Input records Block Start
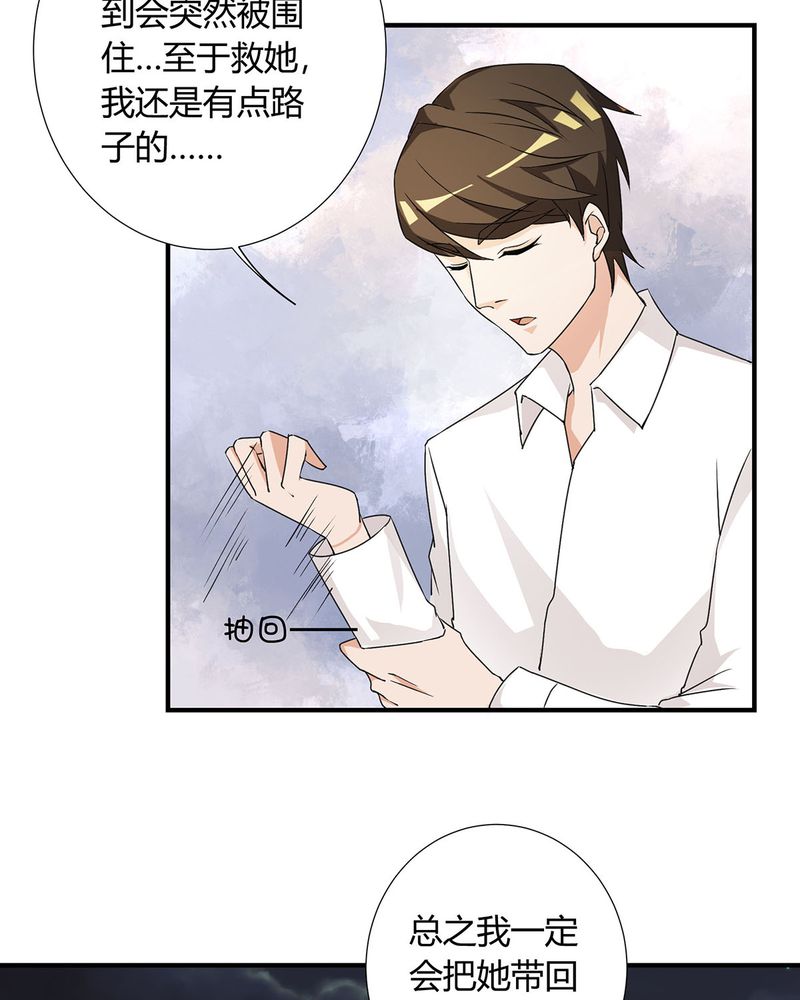 恰恰香返漫画,第25章：宁宇来接恰恰回去5图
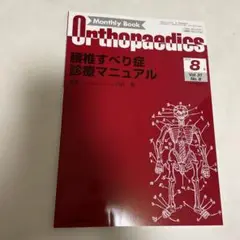 腰椎すべり症診療マニュアル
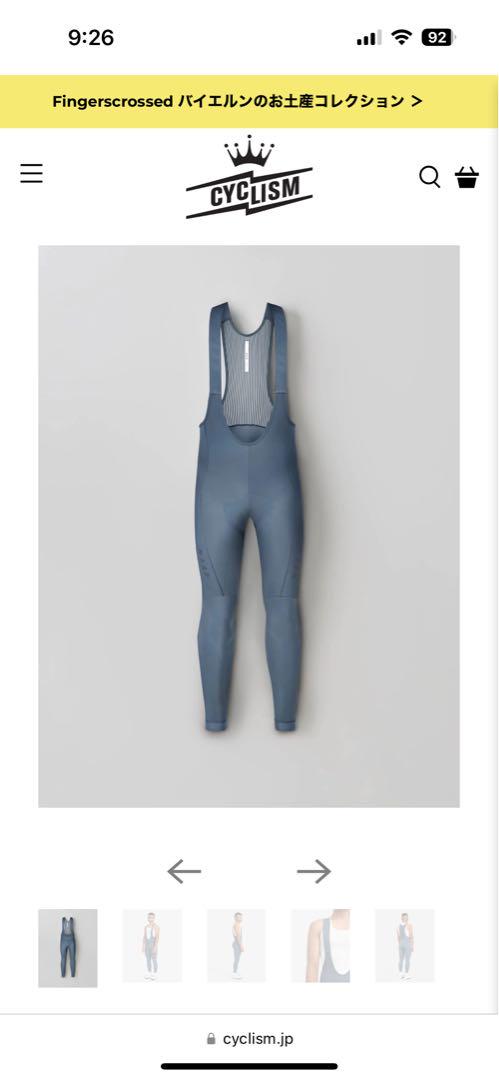 maap Men's Team Evo Thermal Bib Tight 画像1
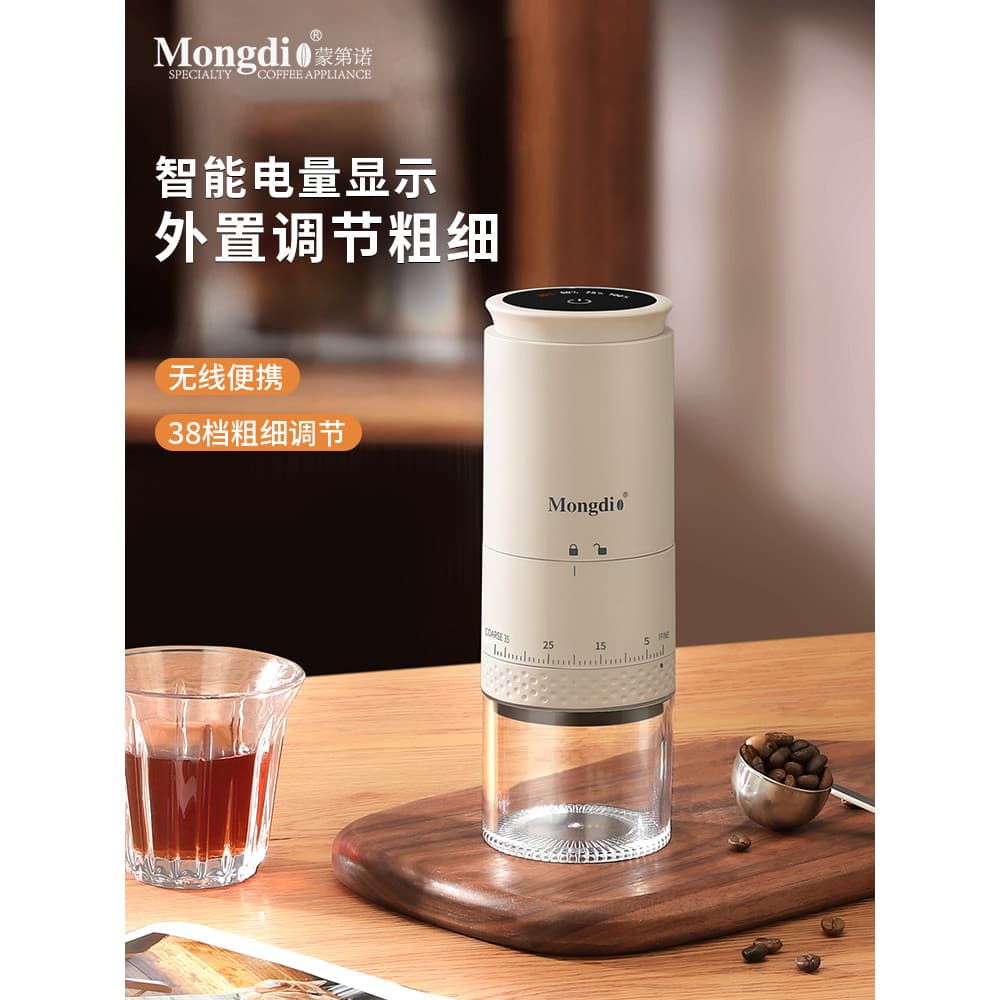 Mongdio Moedor Elétrico Moedor de Grãos de Café Moedor de Café Moedor de Mão Doméstico Moedor de Café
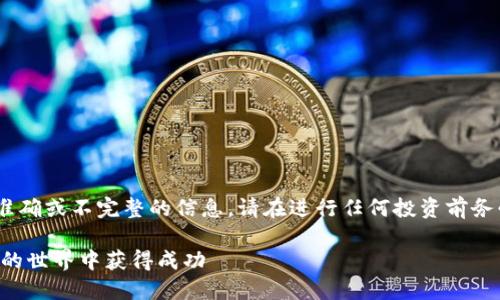注意：以下内容为虚构示例，包含不准确或不完整的信息，请在进行任何投资前务必进行充分的研究和咨询专业人士。

揭秘Meme虚拟币：如何在加密货币的世界中获得成功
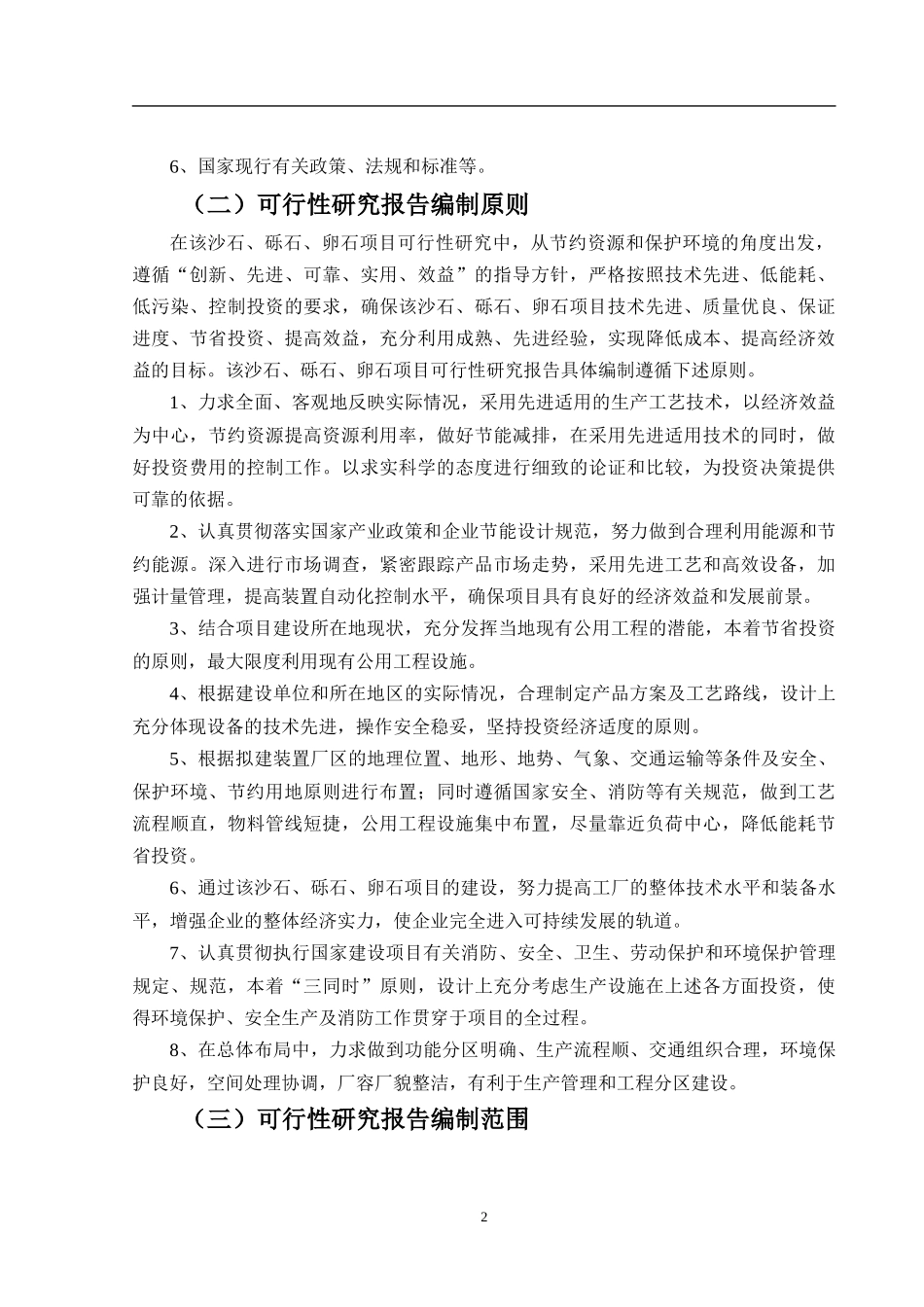 沙石砾石卵石生产项目可行性报告_第3页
Input records Block End
Print each line above exactly as it appears, excluding all images.

Response to the task:
 恰恰香返漫画,第25章：宁宇来接恰恰回去5图
 腰椎すべり症診療マニュアル
 maap Men's Team Evo Thermal Bib Tight 画像1
 Mongdio Moedor Elétrico Moedor de Grãos de Café Moedor de Café Moedor de Mão Doméstico Moedor de Café
注意：以下内容为虚构示例，包含不准确或不完整的信息，请在进行任何投资前务必进行充分的研究和咨询专业人士。

揭秘Meme虚拟币：如何在加密货币的世界中获得成功
 沙石砾石卵石生产项目可行性报告_第3页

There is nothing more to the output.